HOW was this working? WAS this working?

This is quite a valuable comment that I agree with 100% and from what I understand, a highly unpopular opinion. I hope more people see this.

  • There is consensus documenting why you did something is good (which is what root comment is talking about). Documenting what you did is commonly thought to be a crutch for writing unreadable code.

    • I hate the second thought, because not documenting is clearly not stopping people from committing the unreadable code. Instead we get "my code is self-documenting, I'm not going to write documentation".

      And as for the third opinion of "the documentation becomes out of date when the code changes", I would prefer slightly incorrect comments to decipher code rather than no comments to decipher code. Doubly so because I can compare the comments to historical revisions.

    • While I _absolutely_ agree with those sentiments, I have seen nothing like consensus on them myself (in mostly tech startups, but also fintech, and financial (yes, those are different things)). If I limit it to programmers I respect, the percentages go up, but to _maybe_ 75% tops.

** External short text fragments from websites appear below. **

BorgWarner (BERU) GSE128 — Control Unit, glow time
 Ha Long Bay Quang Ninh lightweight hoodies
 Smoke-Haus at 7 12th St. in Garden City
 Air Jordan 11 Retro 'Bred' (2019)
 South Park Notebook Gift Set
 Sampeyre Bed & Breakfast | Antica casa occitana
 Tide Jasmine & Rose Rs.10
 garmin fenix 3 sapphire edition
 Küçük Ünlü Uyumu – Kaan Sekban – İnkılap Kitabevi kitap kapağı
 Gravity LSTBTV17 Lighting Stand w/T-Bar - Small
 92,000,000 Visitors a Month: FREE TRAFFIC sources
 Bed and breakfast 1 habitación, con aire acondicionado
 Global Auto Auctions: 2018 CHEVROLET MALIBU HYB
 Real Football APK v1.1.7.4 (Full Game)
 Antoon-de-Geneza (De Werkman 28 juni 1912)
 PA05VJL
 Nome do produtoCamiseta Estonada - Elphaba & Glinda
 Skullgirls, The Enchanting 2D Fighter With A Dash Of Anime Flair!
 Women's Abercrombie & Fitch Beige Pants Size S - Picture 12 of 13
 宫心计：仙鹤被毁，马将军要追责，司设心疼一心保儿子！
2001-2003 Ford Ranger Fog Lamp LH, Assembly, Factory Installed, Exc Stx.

  • The idea that code should communicate intent, whether by comments or other means, is popular and common. It ends up being somewhat difficult to execute. In practice, you have to write code like you write prose. Keep your audience in mind, and be aware of the contextual information available to that audience, and write code that will make sense to your particular audience, ignoring the needs of non-audiences. The tricky part is when your audience includes people in the future. But even how you account for a future of missing design docs and broken links will vary based on things like team composition, business/problem domain, is this open-source or not, etc.

I regularly have this discussion when it comes to comments.

The intention of the code is much more resilient than the details, so comments should generally focus on the why.

(It’s also important to document the code that isn’t there: algorithms that were rejected due to performance, “obvious” enhancements that don’t actually achieve the intended effect, etc.)

And no one ever talks about this. Doing a code review when dropped in cold in SO hard for this reason.

Yes, I can tell what you're doing here, but is that what you're SUPPOSED to be doing?

Maybe it's me, but I can usually guess intention fairly quickly and also imagine what the thought process was and what kinds of mistakes it probably has.

But heck, I'm old and I've been reading other people's code for decades.